Sixty per cent said they'd be fine with a return to professional sports even if they couldn't go to games. They said it wouldn't be the same, but a better option than nothing.
However, sports enthusiasts polled are hesitant to watch games in person.
When asked about attending a game live next October or November, even if they could go for free, only 35 per cent of the most passionate sports fans say they would go without reservation.
One-quarter of respondents said absolutely not.
Another key finding of the survey: Canadians miss the NHL far more than any other professional sports league.
"We are a hockey nation across all age groups, across all levels of interest in sports," said Shachi Kurl, the executive director of the Angus Reid Institute.
"Across the board, people are pining for their time on the ice," she said in an interview on CTV Morning Live.

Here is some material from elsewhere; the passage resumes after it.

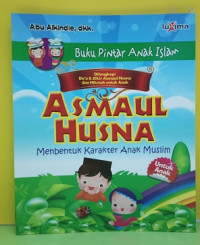 Image of Asmaul Husna : Mebentuk Karakter Anak Muslim : Buku Pintar Anak Islam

Canadians polled said they'd also be disappointed with the cancellation of either the upcoming CFL or the NFL seasons.
The sting would be felt the most in the Prairies, where three-in-five residents say they would be upset if the season didn't go ahead.
Golf generates the largest generational gap of any sport canvassed.
Canadians 55 and over are twice as likely as their younger counterparts to say they miss watching the PGA.
The survey was conducted online from May 1 to 4. A randomized sample of 1,527 Canadian adults who are members of Angus Reid Forum responded.
The institute estimates the margin of error as within 2.5 percentage points, 19 times out of 20.